How to complete this task:
Restate each entry exactly, without pictures.

Image-text web data:
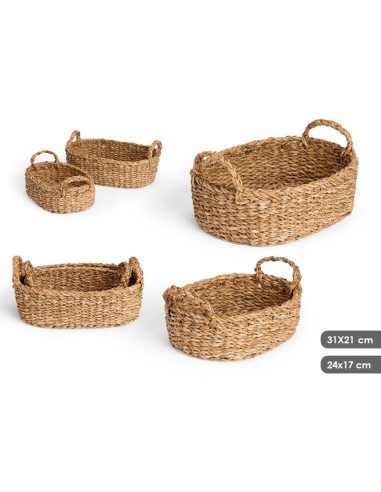 SET 2 CESTOS OVALADOS ASAS 31X21CM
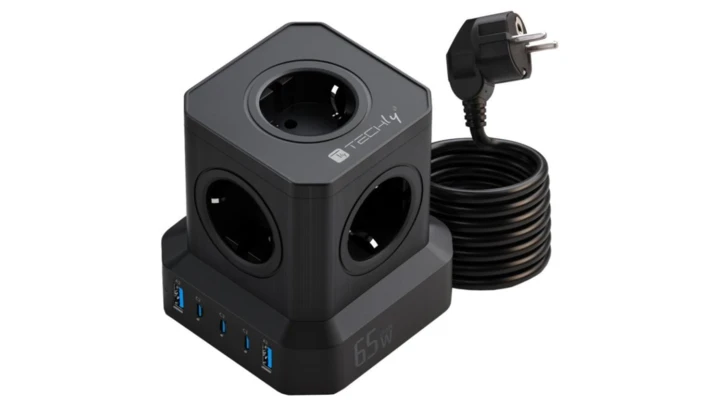Kostka zasilajaca GaN Power Cube 230V 65W 3x USB-C 2x USB-A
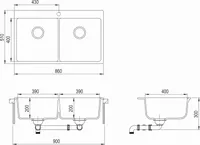 VALAMU AQUASANITA GRANIIT SQM200-601W 860X500X200MM MUST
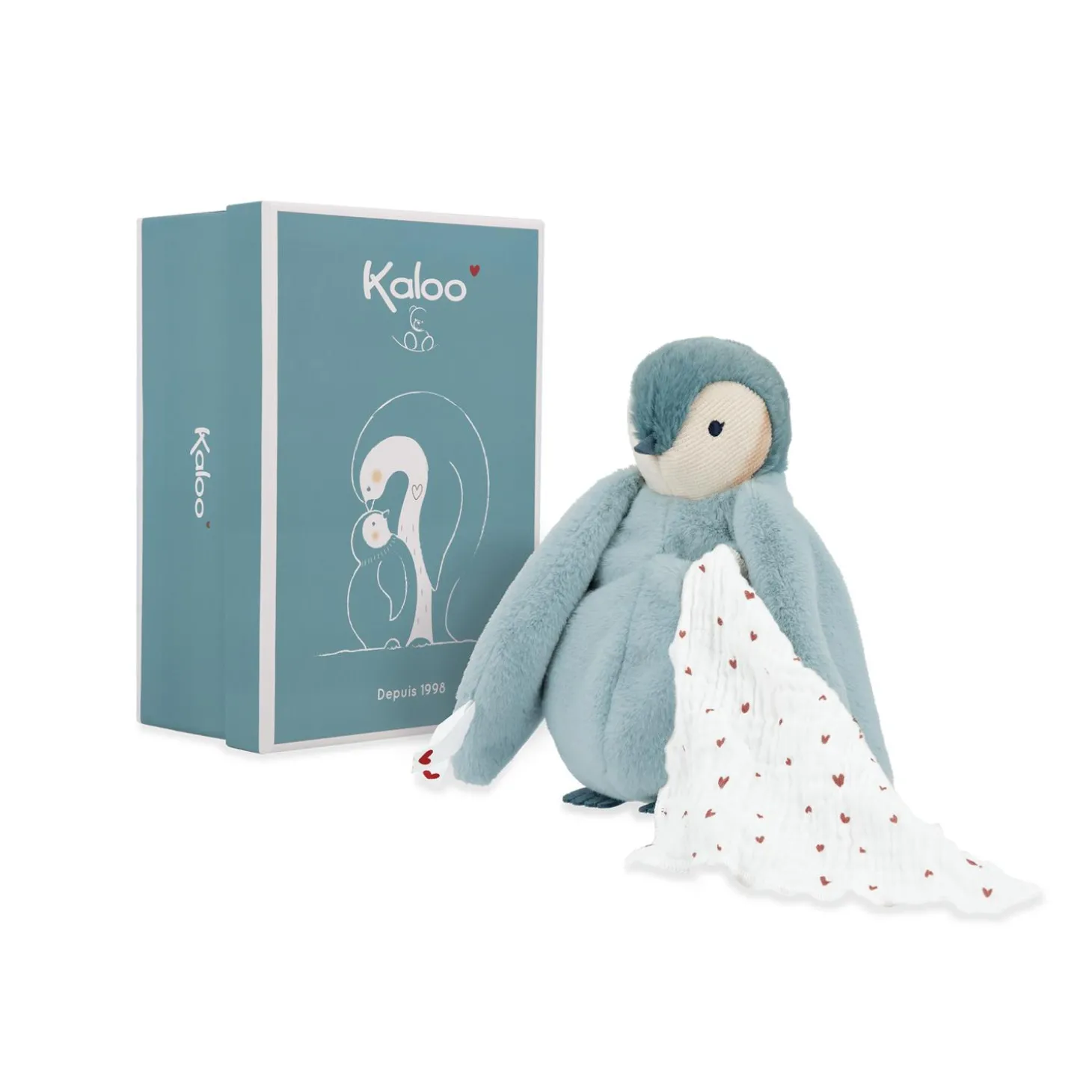 Kaloo Peluche à bisous manchot Vert
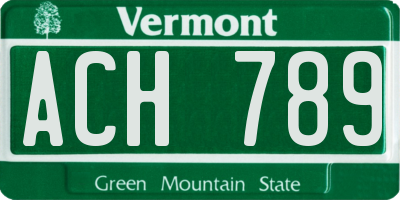 VT license plate ACH789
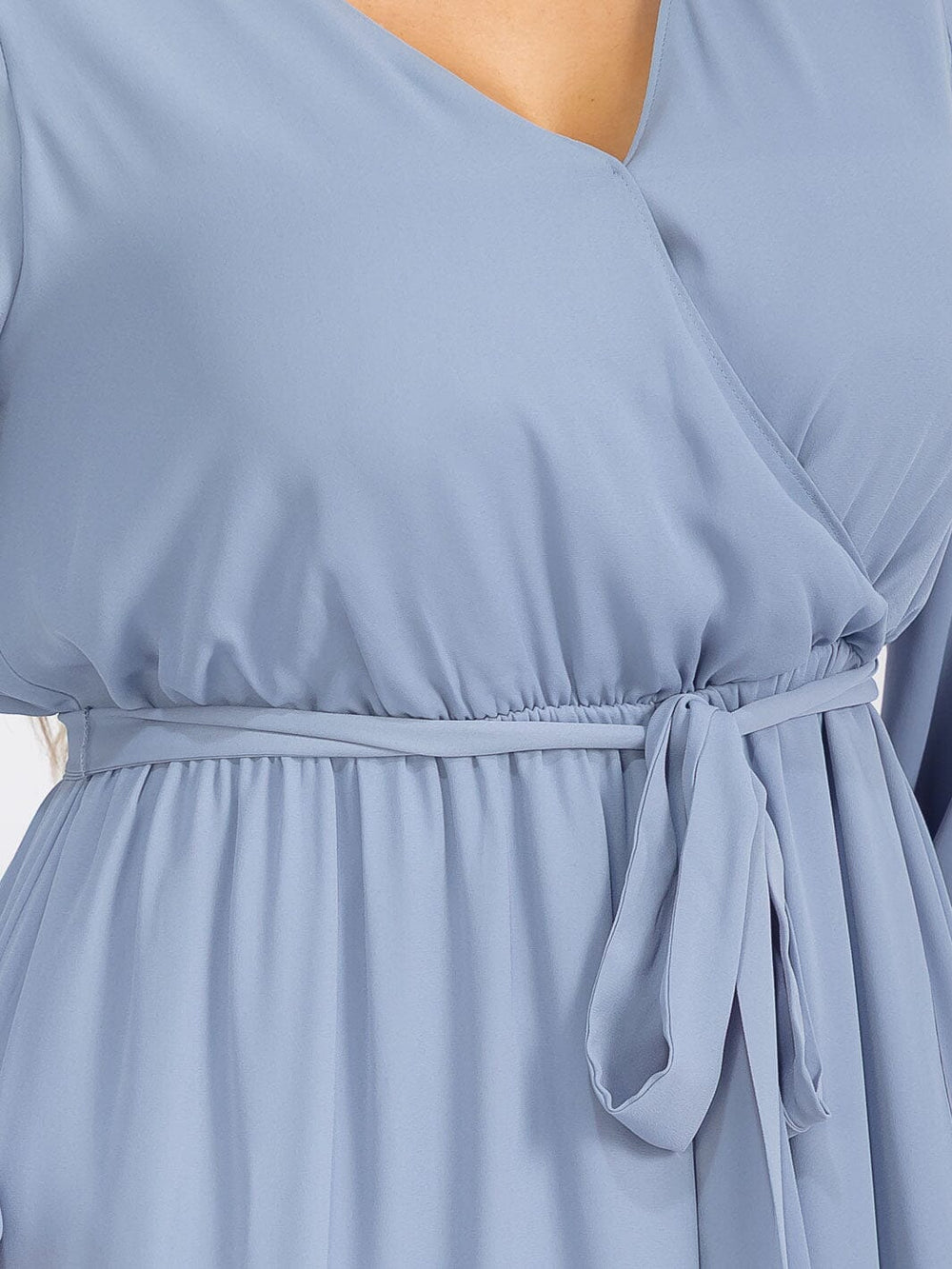 PUS SIZE LONG SLEEVE SELF TIE SURPLICE MAXI GOWN DRESS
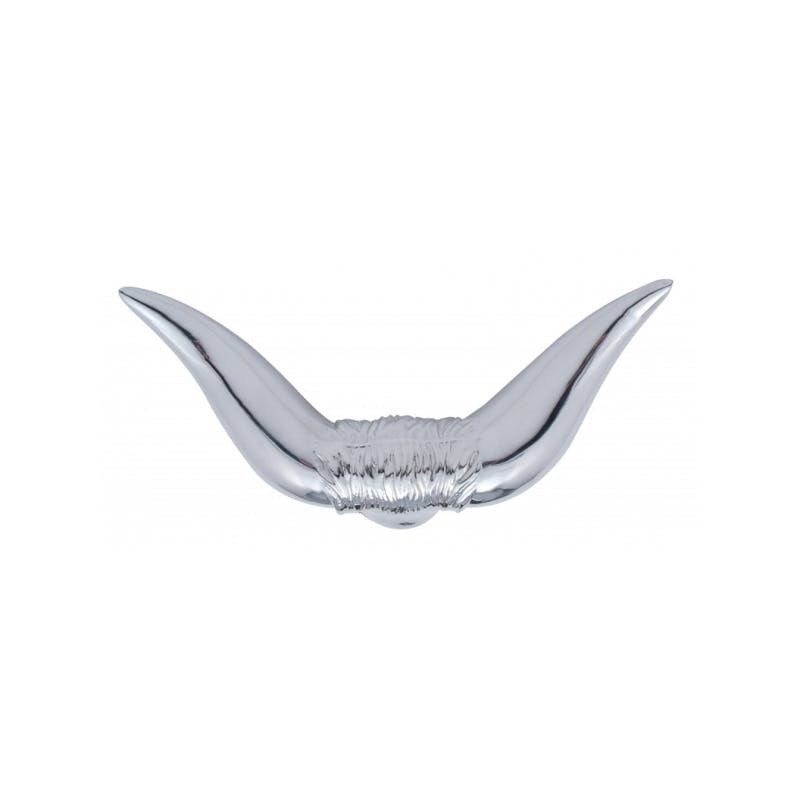 Chrome Texas Longhorn Bull Horn Truck Hood Ornament Raney's Truck Parts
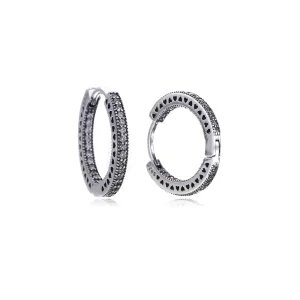 (imagem para) Brincos Pandora de prata Corações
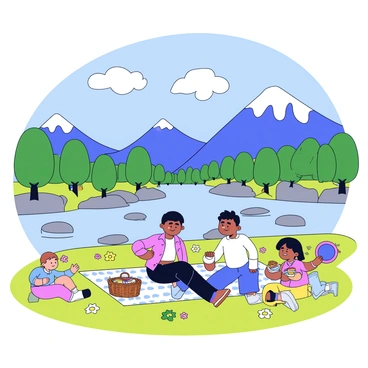 A family of four is having a picnic on a bright green blanket. The parents are seated on the blanket, with a wicker basket beside them filled with sandwiches and fruits. The two children, a boy and a girl, are playing nearby with a frisbee. The background features a clear river flowing gently, with smooth stones visible in the water. Tall mountains rise majestically behind the river, and the area is surrounded by lush green trees and colorful wildflowers. A few fluffy clouds are scattered in the blue sky above.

Answer for the task:
 SET 2 CESTOS OVALADOS ASAS 31X21CM
Kostka zasilajaca GaN Power Cube 230V 65W 3x USB-C 2x USB-A
 VALAMU AQUASANITA GRANIIT SQM200-601W 860X500X200MM MUST
 Kaloo Peluche à bisous manchot Vert
 VT license plate ACH789
 PUS SIZE LONG SLEEVE SELF TIE SURPLICE MAXI GOWN DRESS
 Chrome Texas Longhorn Bull Horn Truck Hood Ornament Raney's Truck Parts
 (imagem para) Brincos Pandora de prata Corações
 A family of four is having a picnic on a bright green blanket. The parents are seated on the blanket, with a wicker basket beside them filled with sandwiches and fruits. The two children, a boy and a girl, are playing nearby with a frisbee. The background features a clear river flowing gently, with smooth stones visible in the water. Tall mountains rise majestically behind the river, and the area is surrounded by lush green trees and colorful wildflowers. A few fluffy clouds are scattered in the blue sky above.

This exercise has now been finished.